Typically, multiple orders would be on hold for abnormal parameter(s). My work would then begin, attempting to evaluate what was different about those questionable orders and determining proper disposition. There were reams of production information, available to be analyzed. Alarms were identified, and each order had over a hundred parameters that could be trended. Notes written by operators related to the orders could be read.
I would typically spend several hours each morning evaluating all available information before dispositioning the product. Monday mornings were tough since production didn’t stop over the weekend. During my morning ritual every day, I would either: release orders for downstream production, hold an order to see if the same abnormality would repeat on future orders, or send orders to waste for disposal.
The product disposition process was very important to our bottom line. If I released an order for downstream production, but it was later found that the final product had to be thrown out because of “my bad order,” our company would waste 5 to 10 times the value of my order!
My quality of life was significantly improved when we started use of a new tool, called Process Monitor (PM), that efficiently displayed our process and product information. PM utilized a control chart for every critical process and product parameter for each production order. The control limits were automatically created, based on recent production information and specs. limits could also be displayed. And, information was summarized for all recent production orders on a single screen. Any “abnormal” orders would be displayed with a red alarm bell next to the order on the display screen. If no red alarm bell existed for an order, it was “good to go.”
If a red alarm bell did exist for an order, it was simple to display what was different about that order. In the screenshot below, order 80060 was out of control for the HEATUP_TEMP_TMX tag, as displayed in the Order Number control chart. The TEMP Overlay trend chart on the lower right section of the display shows that the order in alarm had a delay on the heat up timing compared to other batches that were in control.

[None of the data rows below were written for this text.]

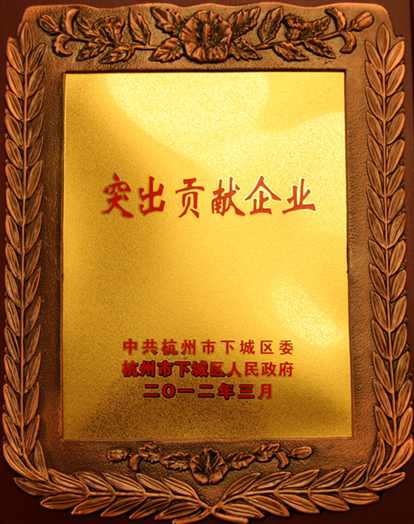 2012年：公司被下城區(qū)政府評為突出貢獻(xiàn)企業(yè)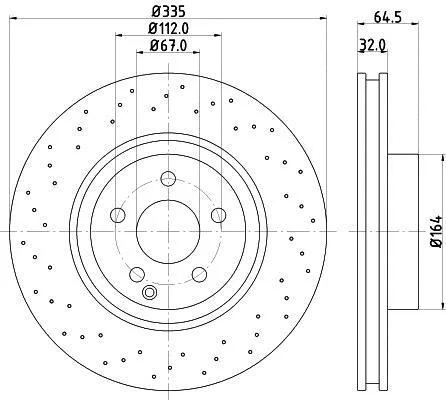Гальмівний диск передній Mercedes S (W221) 2.2D-5.5 10.05-12.13 PAGID 8DD 355 115011 (фото 1)
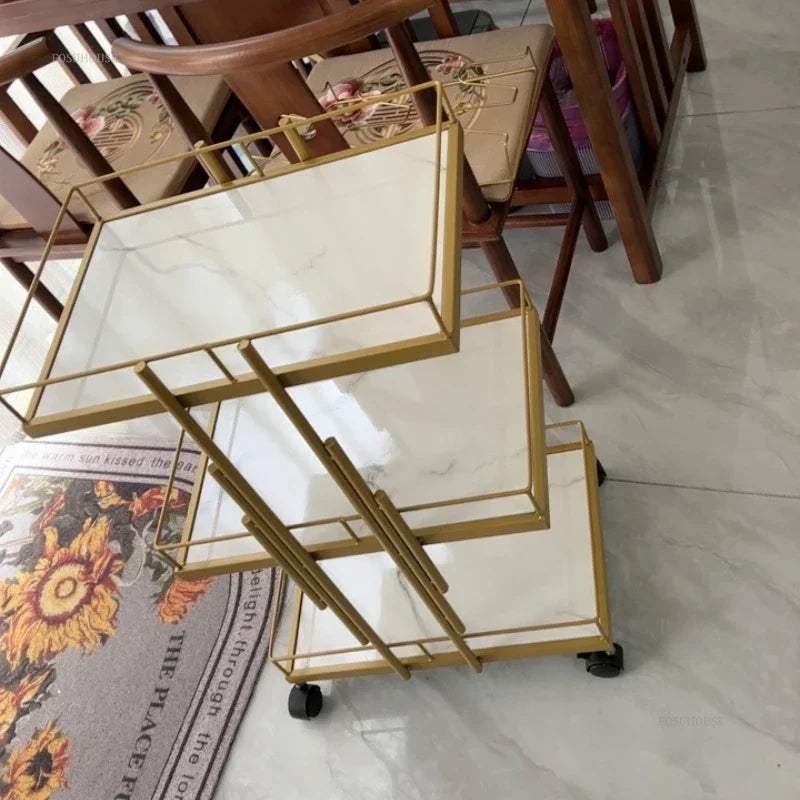 Modern Beauty Salon Golden Iron Salon Trolleys American Professional Tool Trolley Auxiliary Cart with Wheels for Salon New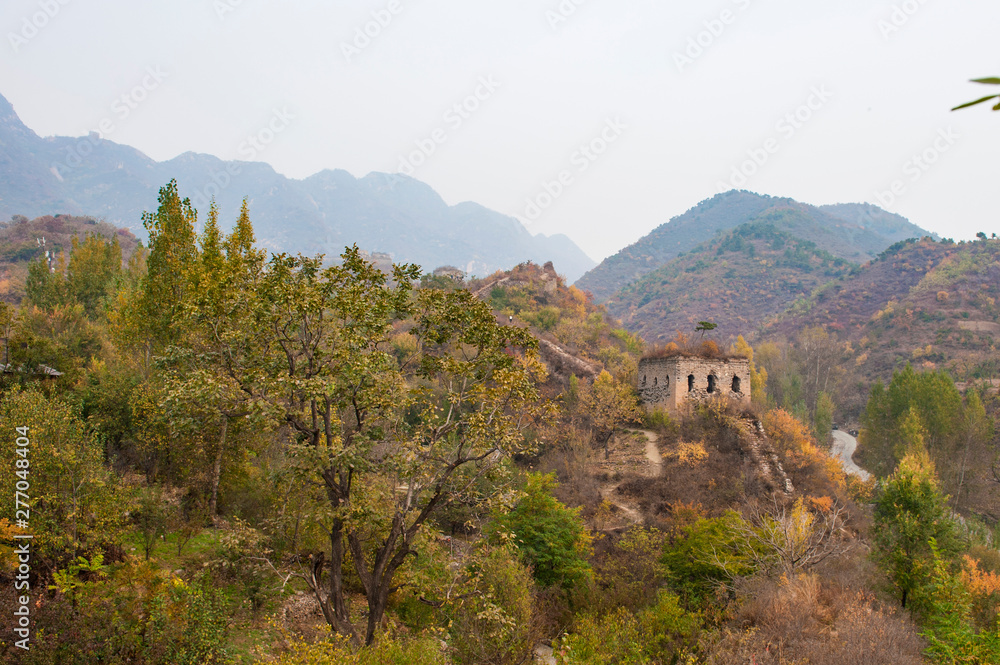 Sunny autumn in China's the Great Wall, Qingshan pass, Hebei, China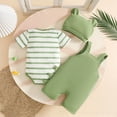 thumbnail image 5 of Boys Outfits Striped Print Short Sleeve Crew Neck Romper Suspenders Shorts Hat 3 Piece Casual Wear Boys' Clothing Sets Size 6-12 Months, 5 of 9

The TEMP time-trace chart on the lower right portion of the display above was created by clicking my mouse 5 times: one click on the order in alarm, and a click on each of the 4 batches highlighted in the control chart. The time-trace chart on the lower right shows that the order in alarm had a delay before the product temperature increased compared to “normal batches.”
For this batch of a specialty chemical, I was able to release the product for final production, because no product parameters were out of specification. But the alarm let us know that something was abnormal, and after further analysis we learned that the heat transfer surface of a jacked vessel was beginning to foul. Cleaning the heat transfer surface fixed the problem before any costly product was lost.
The time required by me to disposition orders was typically reduced to less than a half hour a day. And, I was able to make the decisions with good information that was easily displayed!
Our company was able to implement PM on diverse types of operations to display and ultimately eliminate process variability, resulting in huge productivity improvements. The operations included: manufacture of bulk and precision chemicals, extrusion and coating of liquids onto wide rolls of optical grade film, manufacture and operation of high-speed printers, and even production and distribution of supplied utility services including steam, electricity and chilled water.
The basic ideas behind Process Monitor are not new. Statistically based process and product information organized in a simple manner to display abnormalities can lead to great improvements for you and your company’s bottom line.